┌─ Data extracts

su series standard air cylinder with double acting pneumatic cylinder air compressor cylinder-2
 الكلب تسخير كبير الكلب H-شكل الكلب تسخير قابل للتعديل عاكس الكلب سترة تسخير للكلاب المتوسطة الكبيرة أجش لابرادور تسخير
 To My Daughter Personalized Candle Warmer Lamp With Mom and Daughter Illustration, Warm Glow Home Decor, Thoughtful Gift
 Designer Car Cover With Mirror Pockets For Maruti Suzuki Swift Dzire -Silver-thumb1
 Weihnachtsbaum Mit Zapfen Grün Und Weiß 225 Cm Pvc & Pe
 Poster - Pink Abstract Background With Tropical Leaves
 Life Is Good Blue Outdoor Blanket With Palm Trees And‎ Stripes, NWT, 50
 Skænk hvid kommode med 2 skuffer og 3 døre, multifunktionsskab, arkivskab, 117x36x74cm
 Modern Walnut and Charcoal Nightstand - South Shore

└─

— Try it —
Return the entries above unchanged, starting at the first line and stopping after the line with "Poster - Pink".

— Response for this exercise —
su series standard air cylinder with double acting pneumatic cylinder air compressor cylinder-2
 الكلب تسخير كبير الكلب H-شكل الكلب تسخير قابل للتعديل عاكس الكلب سترة تسخير للكلاب المتوسطة الكبيرة أجش لابرادور تسخير
 To My Daughter Personalized Candle Warmer Lamp With Mom and Daughter Illustration, Warm Glow Home Decor, Thoughtful Gift
 Designer Car Cover With Mirror Pockets For Maruti Suzuki Swift Dzire -Silver-thumb1
 Weihnachtsbaum Mit Zapfen Grün Und Weiß 225 Cm Pvc & Pe
 Poster - Pink Abstract Background With Tropical Leaves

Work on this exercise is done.